Information supplied:
-- Opening Marker --

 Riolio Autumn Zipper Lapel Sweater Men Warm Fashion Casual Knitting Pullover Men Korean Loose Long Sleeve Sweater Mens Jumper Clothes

-- Closing Marker --
-- Opening Marker --

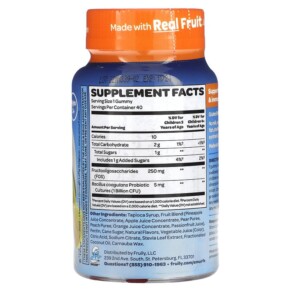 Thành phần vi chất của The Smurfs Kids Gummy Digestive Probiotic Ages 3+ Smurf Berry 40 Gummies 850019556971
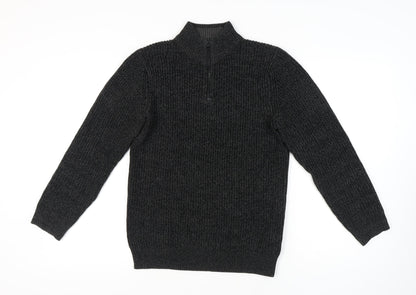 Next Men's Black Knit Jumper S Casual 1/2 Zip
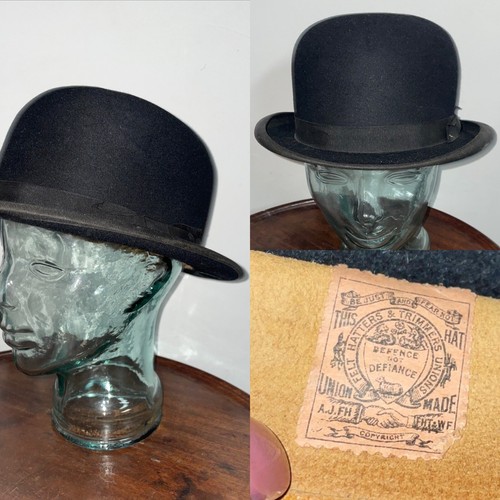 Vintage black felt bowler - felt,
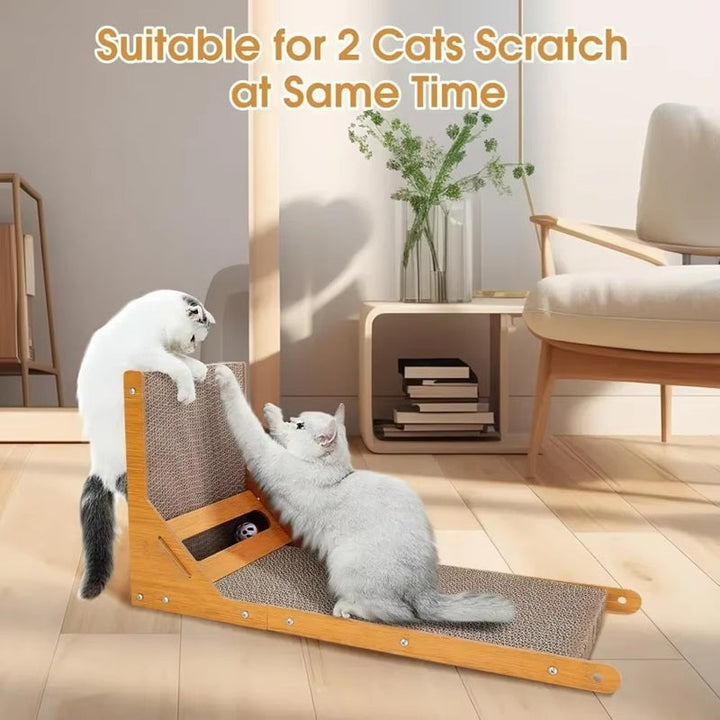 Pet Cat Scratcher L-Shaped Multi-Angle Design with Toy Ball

-- Closing Marker --
-- Opening Marker --

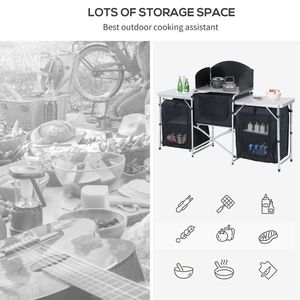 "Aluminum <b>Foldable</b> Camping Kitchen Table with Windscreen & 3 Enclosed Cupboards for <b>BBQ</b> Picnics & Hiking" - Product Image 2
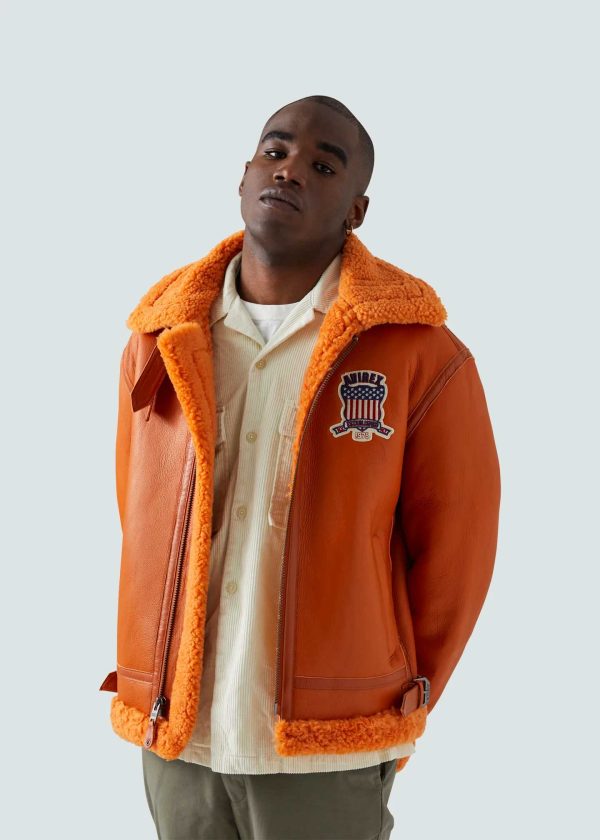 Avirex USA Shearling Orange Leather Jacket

-- Closing Marker --

What is needed: The data above holds the lines to copy: start at the one with "Vintage black felt", stop at the one with "Pet Cat Scratcher", include both, copy them exactly without pictures, and copy nothing else.

Exercise solution:
 Vintage black felt bowler - felt,
 Pet Cat Scratcher L-Shaped Multi-Angle Design with Toy Ball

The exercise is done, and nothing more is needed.